Due to strong international and local pressure, particularly from the families of the disappeared the Sri Lankan government had undertaken some measures to inquire into these disappearances.  The recent decision of some government agencies is as follows:

(a)    Dr. Jayantha Dhanapala, the then Secretary-General of the Peace Secretariat  copied to Dr. Radhika Coomaraswamy a letter dated 22nd October, 2004 which he had sent to Secretary/Foreign Affairs to consider a suggestion to set up a Permanent Commission on Missing Persons in Sri Lanka.

(b)    On 16th November 2004 the Secretary to the President invited the then Chairperson of the HRC and the Head of the ICRC for a discussion to consider this suggestion. At this discussion the ICRC stated that it had a list of 12,000 complaints of disappearances of persons and wanted Dr. Dhanapala’s suggestion be considered in all earnest. 

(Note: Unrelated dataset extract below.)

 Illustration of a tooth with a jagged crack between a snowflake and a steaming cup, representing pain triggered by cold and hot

(c)    The HRCSL took up the position that there is no need for a separate commission as the powers and functions of the HRC are adequate to deal with such complaints. The attention of the Secretary to the President was drawn to the recommendation to a list of 16,305 complaints of disappearances left unattended by the All Island Commission of Inquiry into Disappearances due to limitations in its mandate and suggested that these too could be referred to the HRC for necessary action. 

(d)    This position was accepted and following a Board Paper submitted to the HRC on 15th December 2004 the Board approved the establishment of a unit to process these 16,305 complaints.  The ICRC had agreed to process their list of 12,000 complaints, exclude those in respect of security personnel missing in action and hand the rest to the HRC.

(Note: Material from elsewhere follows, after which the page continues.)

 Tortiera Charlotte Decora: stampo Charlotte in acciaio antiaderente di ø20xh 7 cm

(e)    This decision was conveyed to the Secretary to the President by HRC’s letter of 16th December, 2004 and his concurrence was sought and obtained to retrieve the list of 16,305 complaints from the National Archives to which the Presidential Commission had deposited this list.

(f)    The Asia Foundation provided the additional funds that were required by the already existing Disappearances Data Base Project to process these 16,305 complaints which eventually boiled down to about 2000 complaints. 

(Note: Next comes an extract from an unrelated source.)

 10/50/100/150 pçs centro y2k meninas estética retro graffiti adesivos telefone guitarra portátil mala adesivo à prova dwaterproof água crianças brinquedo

(g)    The Asia Foundation had agreed to provide funds to inquire into these complaints too as information from these cases too have to be fed into the current data base for scientific analysis of the trends and patterns of disappearances.

These 2000 cases were the subject matter of a concept paper submitted to the board of the HRCSL and the response from the Board made on June 29, 2006 is as follows:

 “Board does not propose to go ahead” inquiring into these complaints “for the time being unless special directions are received from the government as the findings will result in payment of compensation, etc.”     

This decision amounts to the undoing of several decisions of the government agencies as stated above.

The decision of the HRCSL not to proceed with the inquiries received publicity through the Sri Lankan media which also sought the reactions of human rights defenders on this issue (kindly see AHRC-FR-002-2006).

The present decision of the HRCSL is in conflict with its mandate and also fundamentally contradicts its role as a prime human rights protecting institution in the country.  It cannot be defended on any legal or moral basis.  In fact it is contrary to Sri Lanka’s obligations as a signatory to the ICCPR.  The present HRC members, the legitimacy of whose appointments is under question due to them being appointed in contravention of constitutional provisions, has completely turned its character from a human rights protecting agency to an agency that protects the state instead the victims of human rights abuses.  The HRCSL must be compelled to publicly abandon its decision not to continue with inquiries into disappearances.  It must further be compelled to restart the inquiries and ensure redress to the victim families including the payment of compensation.